▸ **SOURCE DATA**:

===============

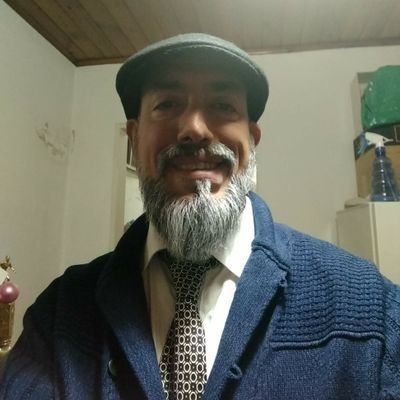 Leo Figueroa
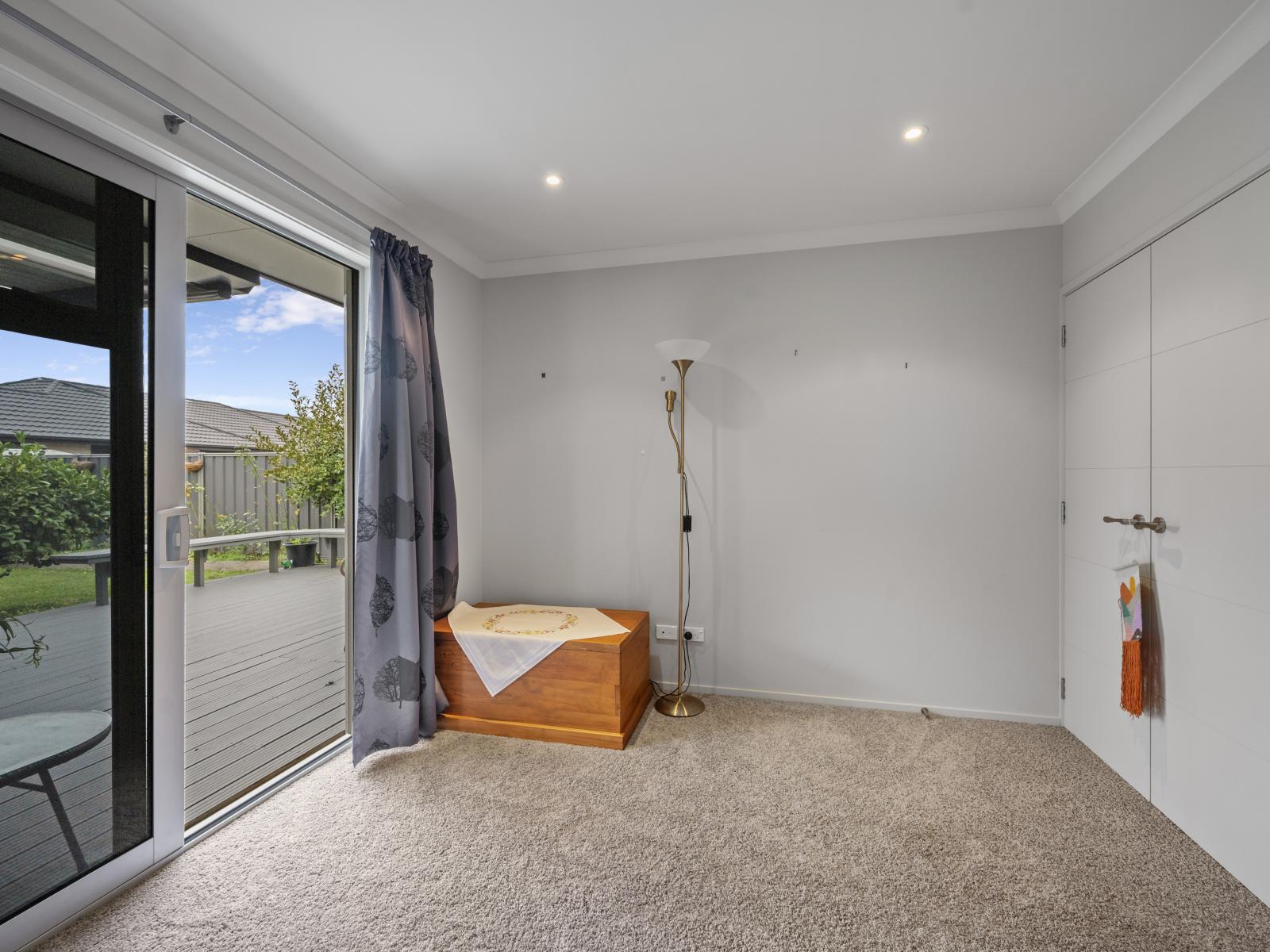 5 Begley Place, Frimley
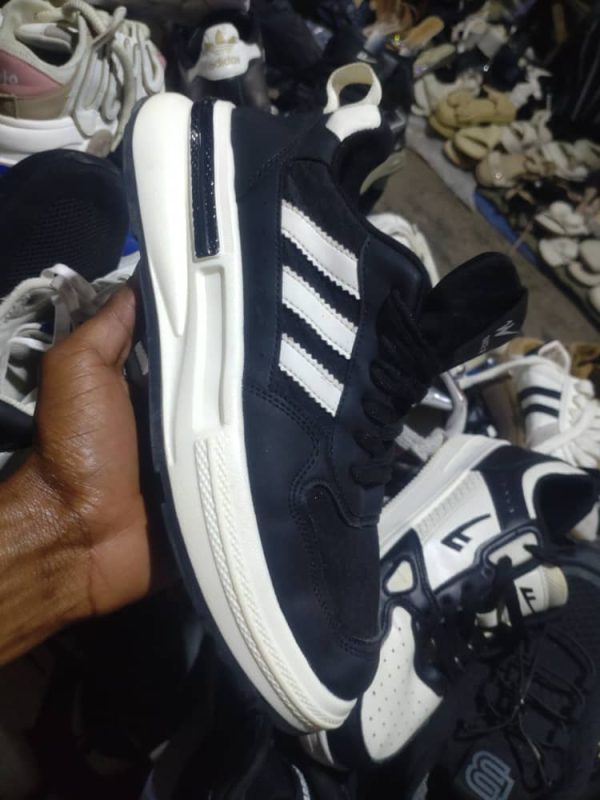 inkweto - ya caguwa kuri 15k size 41 nkubashop.com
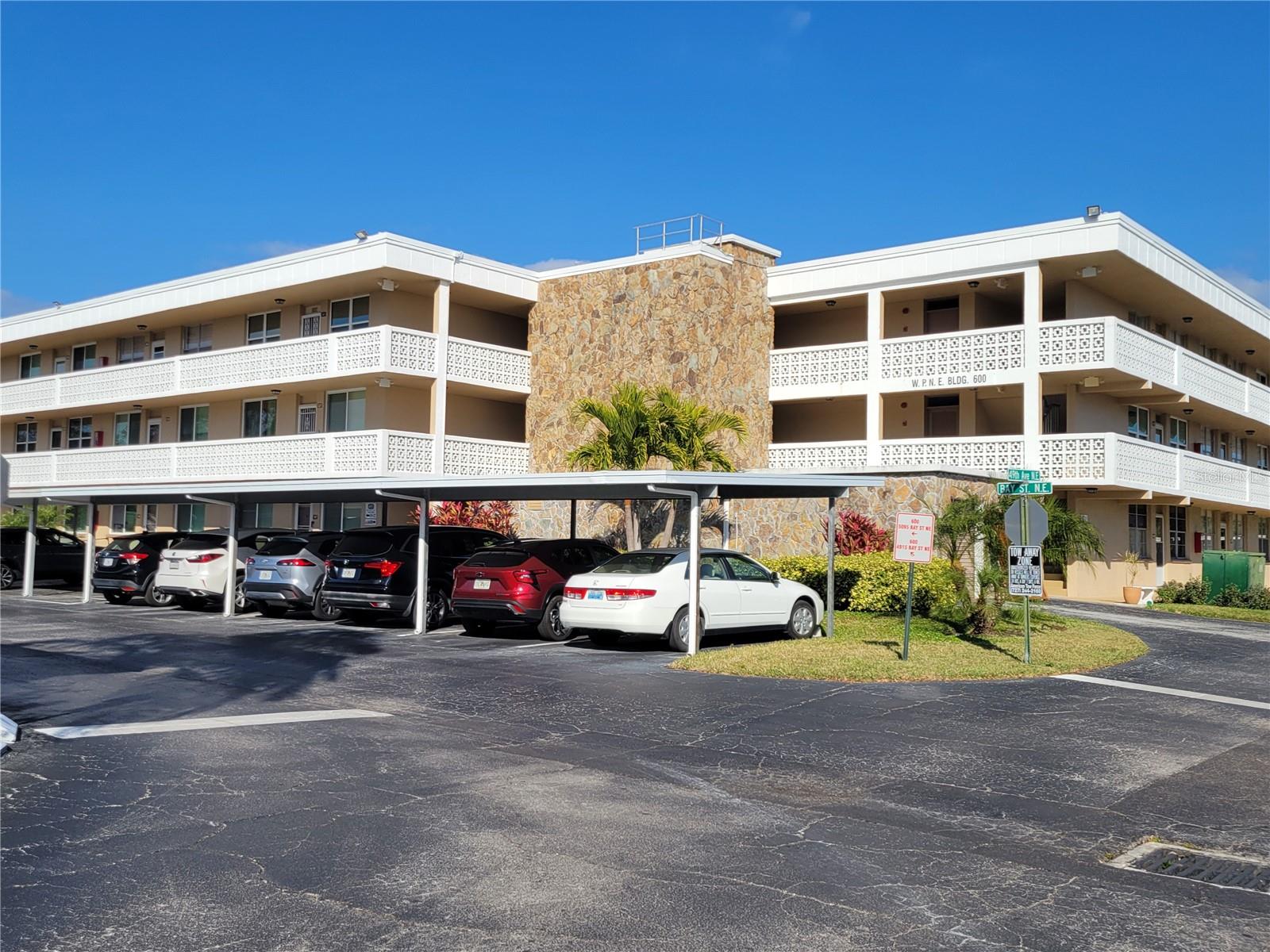 4915 BAY ST NE #122, ST PETERSBURG, FL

===============

▸ **PROBLEM DESCRIPTION**: Apart from the images, reproduce the listing exactly as it appears.

▸ **SOLUTION BELOW**:
 Leo Figueroa
 5 Begley Place, Frimley
 inkweto - ya caguwa kuri 15k size 41 nkubashop.com
 4915 BAY ST NE #122, ST PETERSBURG, FL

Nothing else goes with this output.